_TASK DIRECTIONS:_
This exercise asks for an exact copy of the lines from the one containing "autotalli - 1 800 € (Ref: 9287890)" through the final line of the material, with pictures omitted.

____ DATASET SECTION

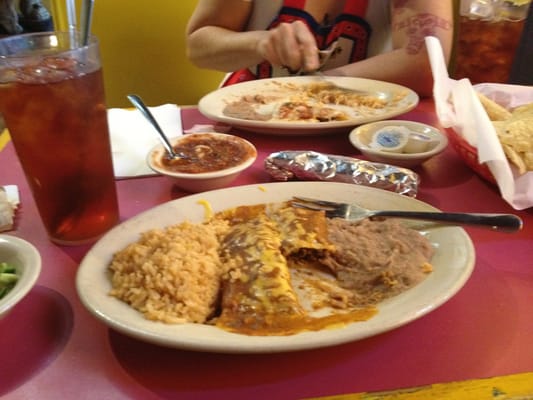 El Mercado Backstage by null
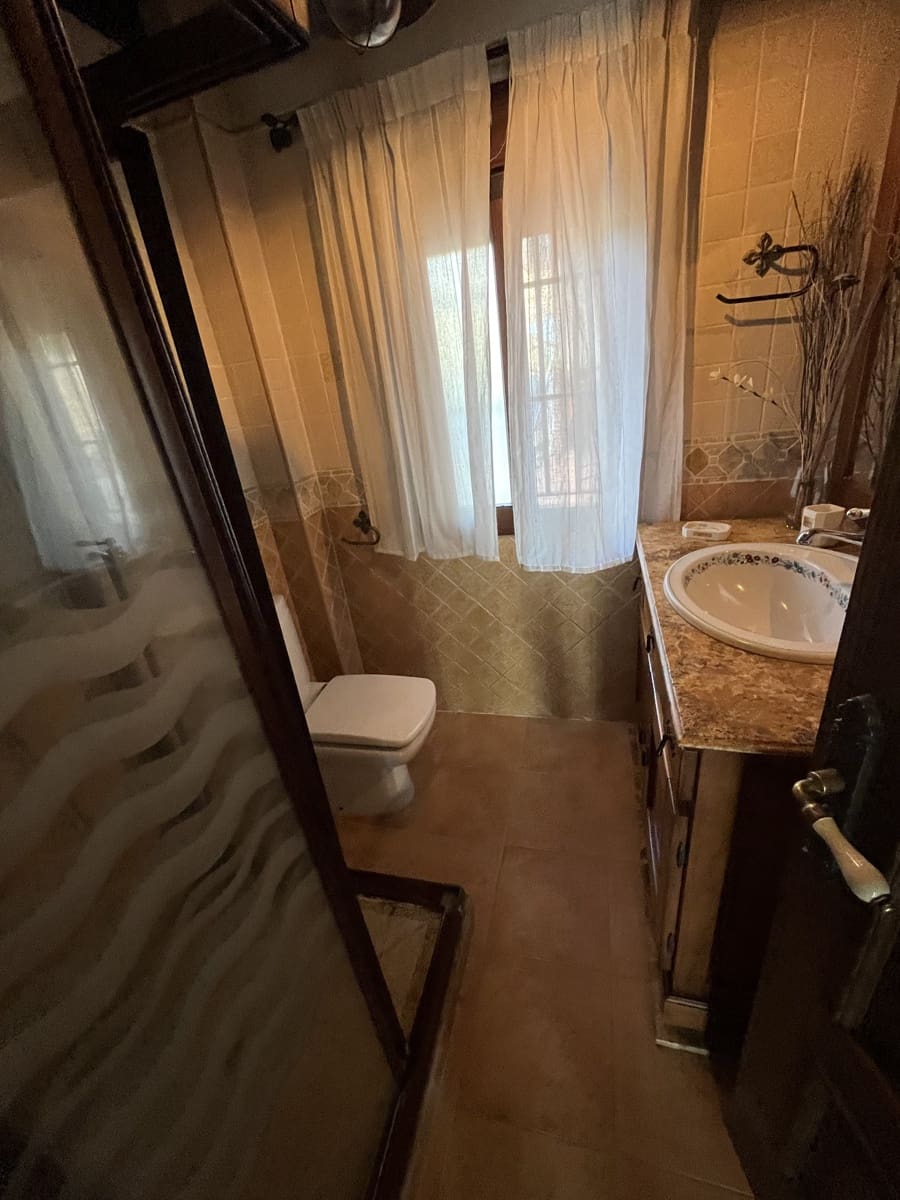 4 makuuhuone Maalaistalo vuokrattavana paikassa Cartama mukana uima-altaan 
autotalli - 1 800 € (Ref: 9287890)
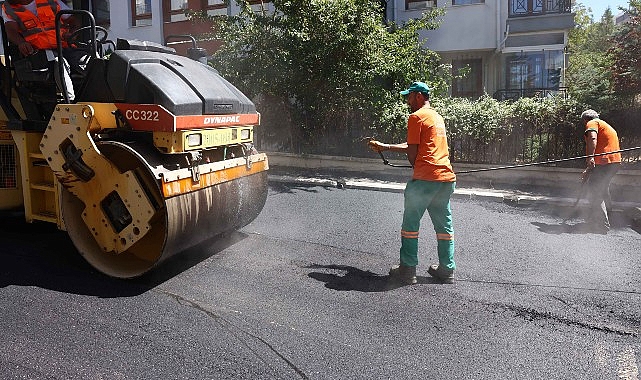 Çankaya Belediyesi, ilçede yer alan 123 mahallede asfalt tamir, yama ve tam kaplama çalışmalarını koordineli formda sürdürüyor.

________

_TASK RESPONSE:_
autotalli - 1 800 € (Ref: 9287890)
 Çankaya Belediyesi, ilçede yer alan 123 mahallede asfalt tamir, yama ve tam kaplama çalışmalarını koordineli formda sürdürüyor.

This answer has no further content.